Of course when it comes to rules, well-known doesn’t mean always-followed. Take my present situation for example.
My lack of forethought pertaining to rule #1 struck me as I pulled a u-turn to park the truck on the side of the road where we walk into our woods from: I’ve got zero weight in the bed of the truck. I pulled onto the shoulder, getting as close as possible to its edge without sliding over, in order to allow enough room for the fly-wing of the County’s plow truck to leave my mirror attached.
If I get stuck, I told myself, standing in the squall, I’ll cross that bridge when I’m done hunting– effectively dismissing rule #2 as well. This is how the male hunting-mind works. It’s a complex and inexplicable animal.
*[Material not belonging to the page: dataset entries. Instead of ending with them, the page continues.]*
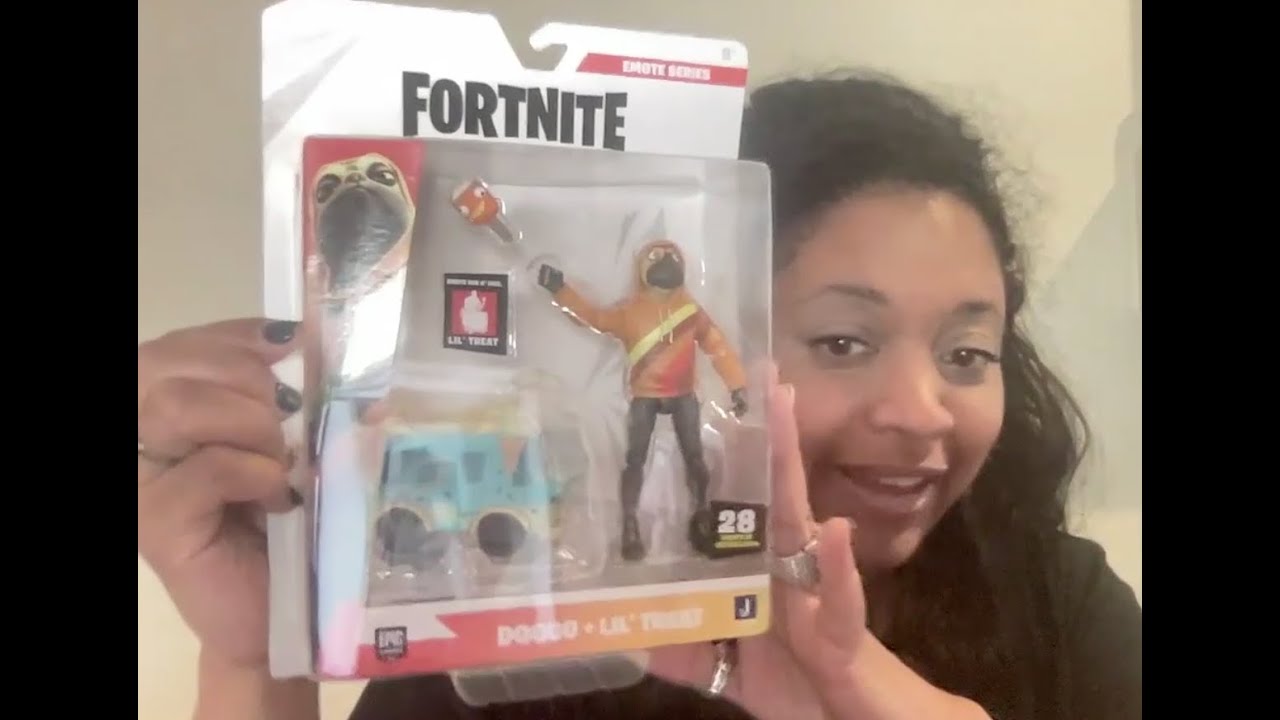 Fortnite DOGGO (EMOTE SERIES) - Figura articolata da 10,2 cm con veicolo Lil' Treat Emote e accessorio Snow Pop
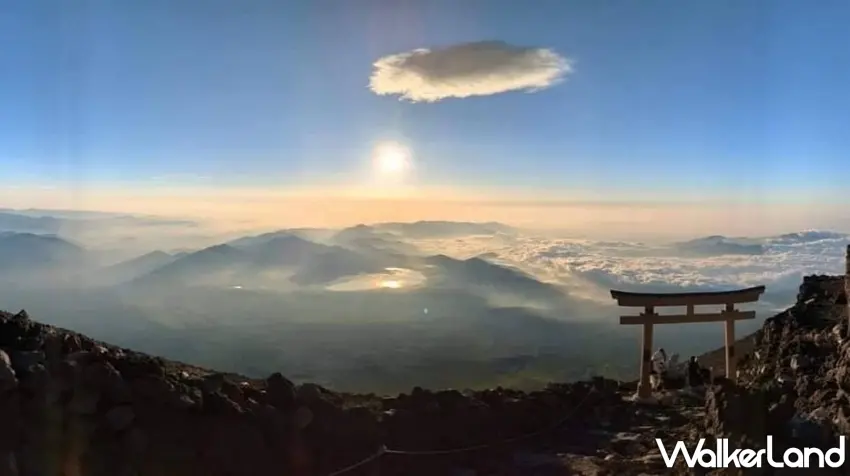 ▲雄獅針對登山熱潮，發揮「保證入住山屋」的資源優勢，由專業達人領軍並頒發獨家登頂證書，建立獨特產品競爭力 。圖／雄獅旅遊提供；窩客島編輯李維唐整理
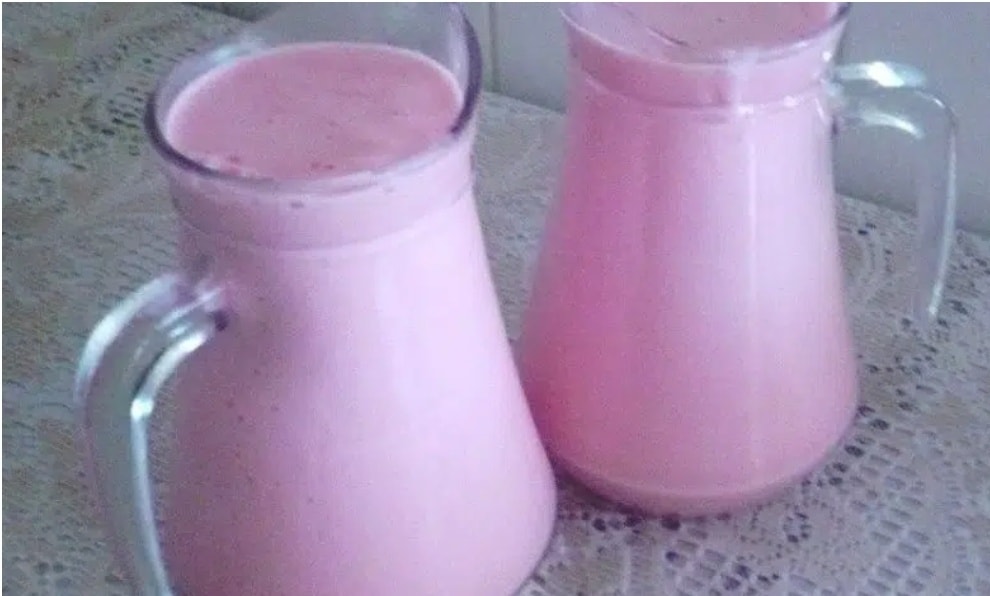 Iogurte Caseiro de Morango Delicioso: Uma Sobremesa Leve e Cremosa
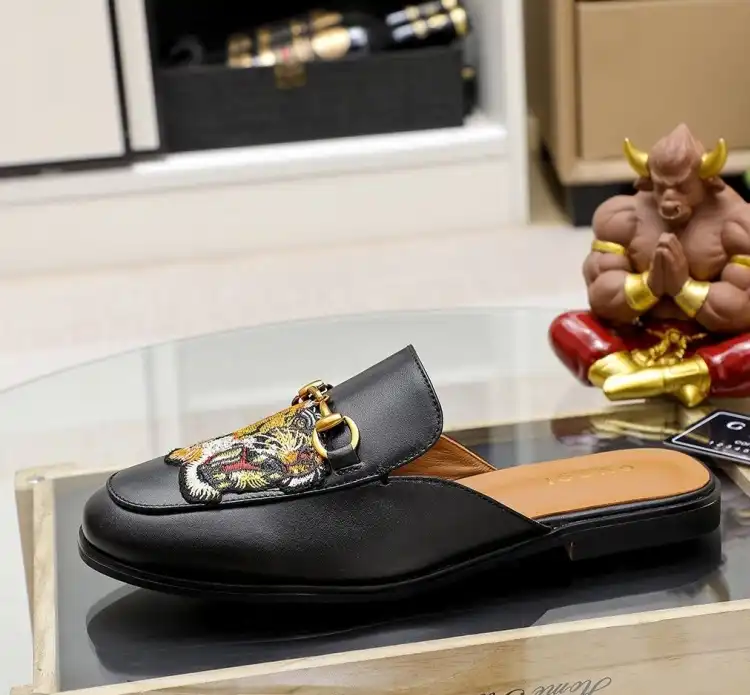 hype Gucci Slippers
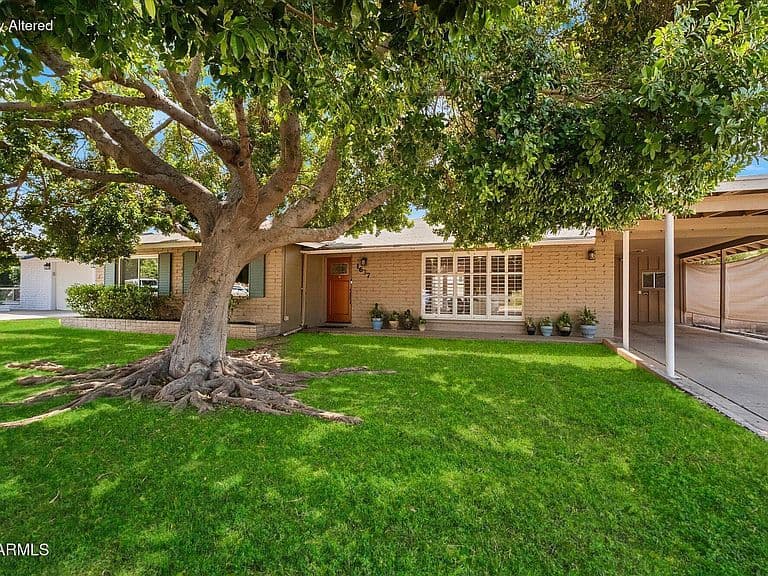 1637 E SIERRA VISTA Drive photo 2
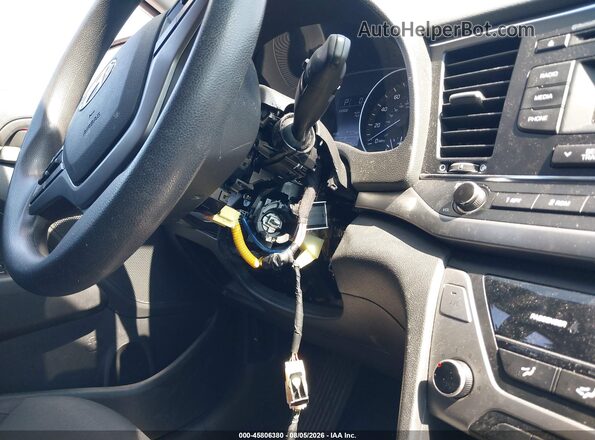5NPD74LF1JH273151 2018 HYUNDAI ELANTRA Серебряный 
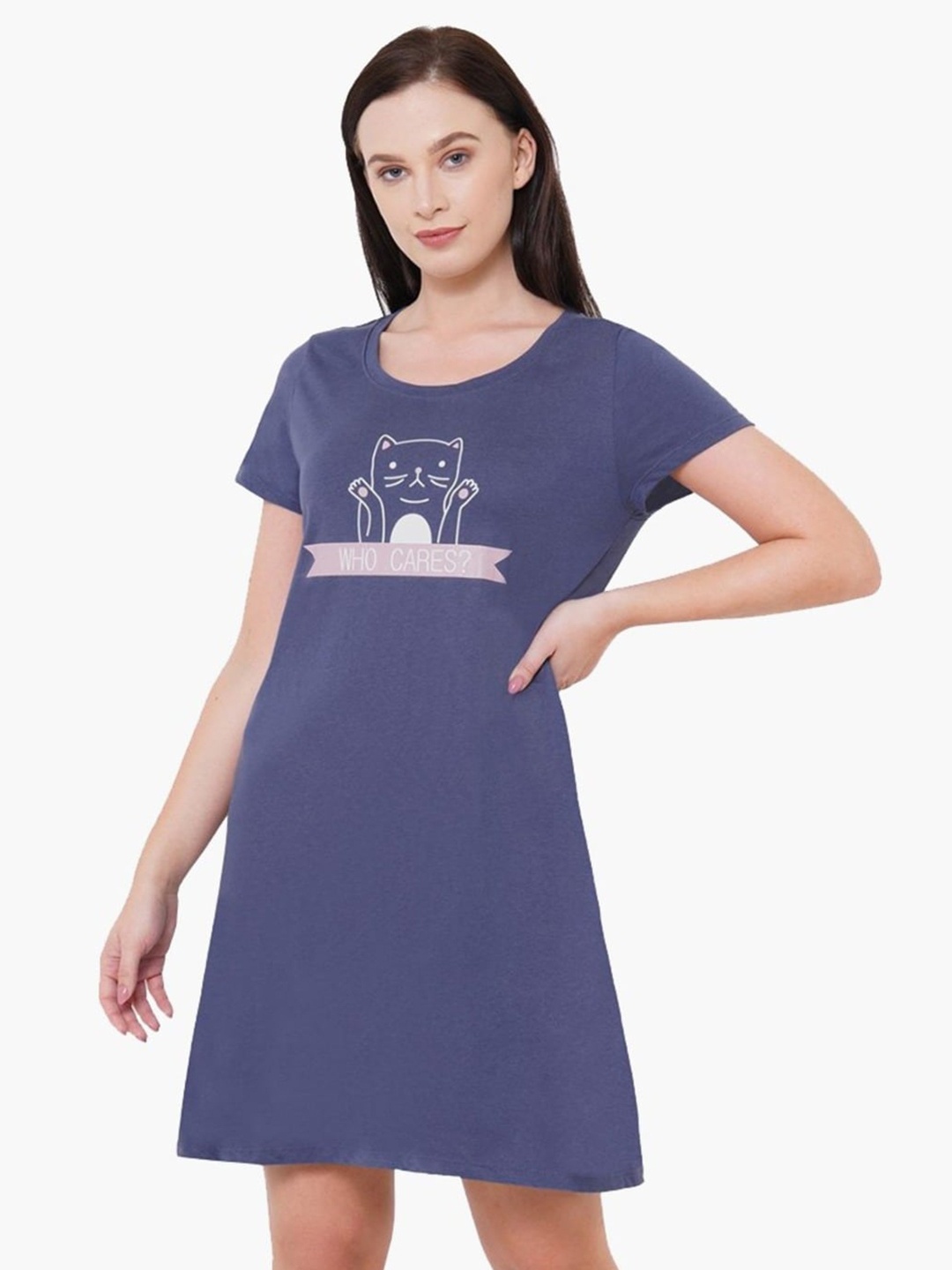 

Soie Graphic Printed Round Neck Knee Length Nightdress, Blue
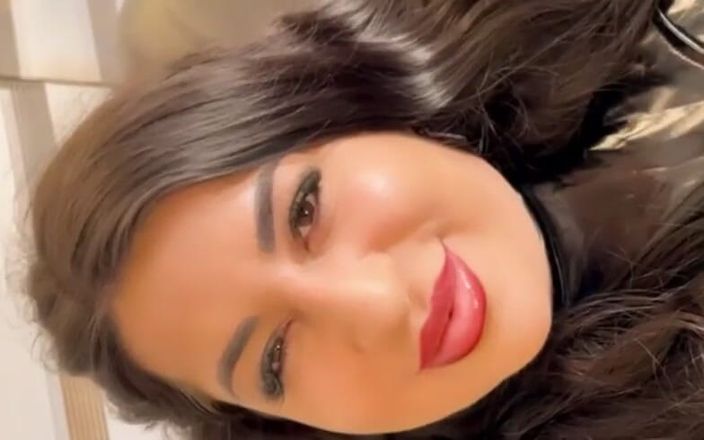LadyAyse5: La dea rilassa lo schiavo e serve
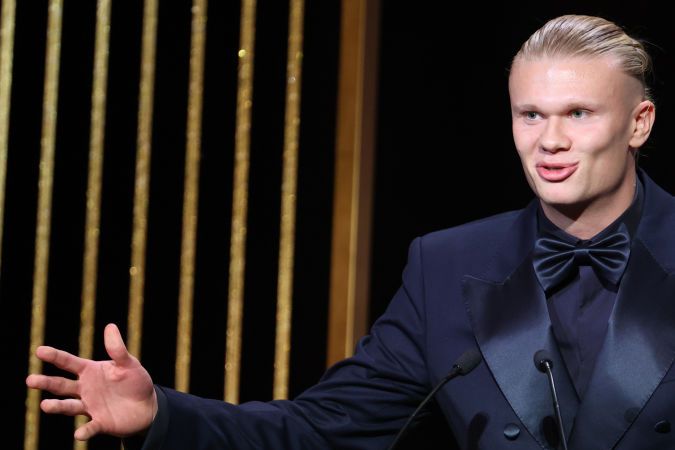 Erling Haaland recibió el Premios Puskas en la gala del Balón de Oro 2023.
I suited up, locked the truck and started the 1/4-mile hike across a wide-open field to the woods.
Once in the woods, I spotted a half-dozen new rubs, but no fresh tracks. I was confident that this would be my afternoon. I settled into the stand, hung my gun on its hook and lit my pipe. The wind blew snow in whirls and clouds through the hardwoods around me. I was warm enough from the hike in to leave my gloves in my pocket for a while. Life was good.
Twenty minutes passed. No longer warm from the hike in, I put my pipe away and fished my gloves from my pocket. To my right, a big doe walked out from behind a thicket of trees, picking her way toward me. A doe was not on the docket for today’s hunt, but I grabbed my gun from its hook in case my buck was sniffing around.
She stood facing my direction at 40 yards. If I moved, she’d bust me and the jig would be up. I sat like a rock. Every direction she looked or turned her ears toward, I followed with my eyes. Five minutes later, she lied down right where she was standing. No buck. Just a bed comfortable enough to ride out the storm, complete with a view of a blaze orange testament to what happens when you don’t follow the rules. Shit.
So there I sat. Wind and snow. Dropping temps. More wind and snow. Nose running like a track-star. After two hours, she continued to lie there chewing her cud, body almost snowed-over. Snowed-over as well, and right about the time I started talking to the squirrels in neighboring trees, I decided I needed to stand up. Success. Daylight gave out twenty minutes later and she busted me climbing down out of the tree. I could sort of feel my fingers and toes again as I traipsed out of the woods to the field, a fading gray and drifting tundra.
In the end, the truck didn’t get stuck. That’s not to say I didn’t come uncomfortably close, mind you. I pulled slowly from the shoulder to the road. Fishtails dictated that 35 mph was all the truck would allow. Slow and steady. Which was fine by me. I had nothing to prove that I suppose hadn’t already. Besides, the game wasn’t starting for another hour and twenty minutes…and the beer wasn’t going anywhere either.